Marks & Spencer is celebrating its 125th birthday this year, marking "a very long life for a retailer", said Rachel Sanderson on Breakingviews. Celebrations, however, "should be muted". Nearly every figure "is pointing in the wrong direction", said Elizabeth Rigby in the FT. Pre-tax profits in the past year fell by 40% to around £600m as like-for-like sales slid by 5.9%.
Price cuts have dented margins, but not enough to "stop the rot": the group's share of the womenswear, menswear and food markets has fallen. Margins are in for another pounding next year as sterling's fall against the dollar feeds through to costs. The tough outlook has prompted M&S to cut the dividend for the first time since 2000. That may well be "common sense", as chief executive Stuart Rose said, but shareholders are entitled to feel "uncommonly annoyed", said Nils Pratley in The Guardian. M&S has spent over half a billion pounds on buying back shares over the past two years at an average share price around a third higher than it is now.
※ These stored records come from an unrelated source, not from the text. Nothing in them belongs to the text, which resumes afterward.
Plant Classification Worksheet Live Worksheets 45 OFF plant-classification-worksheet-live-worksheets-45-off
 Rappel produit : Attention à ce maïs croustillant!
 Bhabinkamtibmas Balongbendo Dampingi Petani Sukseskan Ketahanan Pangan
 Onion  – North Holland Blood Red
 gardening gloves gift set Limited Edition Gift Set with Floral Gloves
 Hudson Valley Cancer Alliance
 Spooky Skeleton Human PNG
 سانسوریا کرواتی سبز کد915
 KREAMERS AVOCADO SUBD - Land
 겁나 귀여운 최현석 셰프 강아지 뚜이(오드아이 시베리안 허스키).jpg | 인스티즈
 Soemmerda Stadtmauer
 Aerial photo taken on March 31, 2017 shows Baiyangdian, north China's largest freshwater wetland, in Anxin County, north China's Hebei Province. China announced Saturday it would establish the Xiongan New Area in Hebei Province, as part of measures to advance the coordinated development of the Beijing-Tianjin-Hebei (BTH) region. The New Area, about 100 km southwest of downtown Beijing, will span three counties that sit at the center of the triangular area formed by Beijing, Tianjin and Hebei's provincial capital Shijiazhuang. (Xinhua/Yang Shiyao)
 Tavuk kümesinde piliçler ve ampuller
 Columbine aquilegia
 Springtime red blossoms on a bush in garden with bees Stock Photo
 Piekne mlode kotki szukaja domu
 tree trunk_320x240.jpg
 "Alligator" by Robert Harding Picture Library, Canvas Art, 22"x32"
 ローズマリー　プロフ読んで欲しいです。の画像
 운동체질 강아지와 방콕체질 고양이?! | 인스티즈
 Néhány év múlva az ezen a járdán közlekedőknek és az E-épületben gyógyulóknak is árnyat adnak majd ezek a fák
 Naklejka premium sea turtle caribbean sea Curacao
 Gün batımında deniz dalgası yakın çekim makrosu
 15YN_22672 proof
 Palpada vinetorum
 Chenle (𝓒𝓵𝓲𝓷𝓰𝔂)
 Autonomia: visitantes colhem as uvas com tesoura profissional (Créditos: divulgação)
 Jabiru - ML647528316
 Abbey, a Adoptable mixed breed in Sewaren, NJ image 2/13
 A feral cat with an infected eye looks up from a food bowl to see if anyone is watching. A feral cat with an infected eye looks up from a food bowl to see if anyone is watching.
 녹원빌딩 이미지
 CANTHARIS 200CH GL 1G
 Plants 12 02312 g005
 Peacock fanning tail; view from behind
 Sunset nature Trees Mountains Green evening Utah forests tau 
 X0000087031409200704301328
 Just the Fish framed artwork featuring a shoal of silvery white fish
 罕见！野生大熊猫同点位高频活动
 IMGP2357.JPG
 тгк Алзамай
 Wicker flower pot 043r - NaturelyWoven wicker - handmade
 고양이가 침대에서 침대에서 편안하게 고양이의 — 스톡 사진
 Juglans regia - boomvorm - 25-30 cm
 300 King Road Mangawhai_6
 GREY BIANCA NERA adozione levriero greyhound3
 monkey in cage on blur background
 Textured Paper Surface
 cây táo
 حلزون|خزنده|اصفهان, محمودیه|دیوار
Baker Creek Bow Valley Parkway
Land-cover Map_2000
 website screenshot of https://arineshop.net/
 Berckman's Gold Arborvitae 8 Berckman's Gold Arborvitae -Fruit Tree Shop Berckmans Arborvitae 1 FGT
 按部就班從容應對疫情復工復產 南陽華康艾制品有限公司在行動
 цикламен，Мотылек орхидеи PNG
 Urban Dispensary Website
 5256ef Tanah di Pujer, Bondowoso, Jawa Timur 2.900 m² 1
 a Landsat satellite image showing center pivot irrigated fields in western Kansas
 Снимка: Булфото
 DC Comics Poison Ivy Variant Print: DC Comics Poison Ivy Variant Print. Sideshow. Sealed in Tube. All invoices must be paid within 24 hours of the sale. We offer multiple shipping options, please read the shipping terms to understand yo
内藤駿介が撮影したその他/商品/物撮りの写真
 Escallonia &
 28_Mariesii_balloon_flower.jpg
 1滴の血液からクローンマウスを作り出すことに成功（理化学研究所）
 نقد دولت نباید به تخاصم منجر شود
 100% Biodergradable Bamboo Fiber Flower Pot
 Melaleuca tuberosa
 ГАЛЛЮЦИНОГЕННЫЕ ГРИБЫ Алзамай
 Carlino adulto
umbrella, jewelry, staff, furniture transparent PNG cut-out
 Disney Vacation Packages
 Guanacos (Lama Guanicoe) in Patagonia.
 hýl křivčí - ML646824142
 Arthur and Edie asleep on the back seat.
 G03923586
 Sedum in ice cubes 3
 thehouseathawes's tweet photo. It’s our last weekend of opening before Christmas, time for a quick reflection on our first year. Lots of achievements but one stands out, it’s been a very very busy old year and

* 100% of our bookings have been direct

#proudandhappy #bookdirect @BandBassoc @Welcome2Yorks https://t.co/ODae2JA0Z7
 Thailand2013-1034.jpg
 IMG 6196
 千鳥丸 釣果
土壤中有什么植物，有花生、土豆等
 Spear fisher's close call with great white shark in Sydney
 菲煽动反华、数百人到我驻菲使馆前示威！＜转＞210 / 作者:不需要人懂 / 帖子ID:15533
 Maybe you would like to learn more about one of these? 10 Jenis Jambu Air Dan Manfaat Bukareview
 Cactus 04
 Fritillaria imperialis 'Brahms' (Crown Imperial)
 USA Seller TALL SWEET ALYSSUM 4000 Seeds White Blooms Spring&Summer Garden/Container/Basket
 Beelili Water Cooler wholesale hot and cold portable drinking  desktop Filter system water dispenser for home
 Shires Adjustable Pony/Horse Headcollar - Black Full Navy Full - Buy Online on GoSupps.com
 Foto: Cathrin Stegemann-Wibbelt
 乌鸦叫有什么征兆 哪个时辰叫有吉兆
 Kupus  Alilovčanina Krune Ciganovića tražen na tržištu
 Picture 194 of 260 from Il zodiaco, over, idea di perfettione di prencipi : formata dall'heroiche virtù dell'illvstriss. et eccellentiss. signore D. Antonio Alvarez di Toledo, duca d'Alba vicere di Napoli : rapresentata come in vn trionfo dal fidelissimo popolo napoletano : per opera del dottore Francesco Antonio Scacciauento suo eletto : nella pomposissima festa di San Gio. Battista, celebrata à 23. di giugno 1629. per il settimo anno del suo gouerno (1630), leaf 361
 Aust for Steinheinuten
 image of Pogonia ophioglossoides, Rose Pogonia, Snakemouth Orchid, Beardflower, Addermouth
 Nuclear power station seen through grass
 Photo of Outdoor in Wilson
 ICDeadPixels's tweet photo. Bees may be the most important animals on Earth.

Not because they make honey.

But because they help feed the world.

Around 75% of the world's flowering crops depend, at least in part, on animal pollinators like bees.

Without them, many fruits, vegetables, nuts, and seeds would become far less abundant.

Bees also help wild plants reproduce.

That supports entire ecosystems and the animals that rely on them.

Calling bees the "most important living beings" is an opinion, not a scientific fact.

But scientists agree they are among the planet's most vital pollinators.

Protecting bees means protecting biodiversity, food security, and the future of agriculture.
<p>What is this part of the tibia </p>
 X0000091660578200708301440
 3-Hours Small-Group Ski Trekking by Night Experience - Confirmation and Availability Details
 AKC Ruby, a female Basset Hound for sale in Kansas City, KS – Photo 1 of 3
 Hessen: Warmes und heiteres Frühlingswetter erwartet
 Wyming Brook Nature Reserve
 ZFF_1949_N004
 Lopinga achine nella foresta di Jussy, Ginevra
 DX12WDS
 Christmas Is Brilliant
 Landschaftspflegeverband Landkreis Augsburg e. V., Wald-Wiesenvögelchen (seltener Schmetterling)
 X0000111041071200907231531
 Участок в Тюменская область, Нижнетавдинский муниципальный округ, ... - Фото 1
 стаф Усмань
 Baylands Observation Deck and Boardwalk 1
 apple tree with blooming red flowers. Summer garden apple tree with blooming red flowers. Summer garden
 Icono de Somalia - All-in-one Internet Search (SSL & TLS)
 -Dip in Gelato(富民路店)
Marks & Spencer: the core problem
Rose doesn't seem to have found a solution to M&S's "central structural problem", said Sanderson: the uncomfortable mix of "premium-priced food and mid-to-downmarket clothes". While the food business has come under pressure in the downturn, there are now plenty of high-street rivals offering the "high-quality but mass-market attire" that made M&S's name, as Jeremy Warner pointed out in The Independent. It's still not clear how M&S is relevant "to the modern world".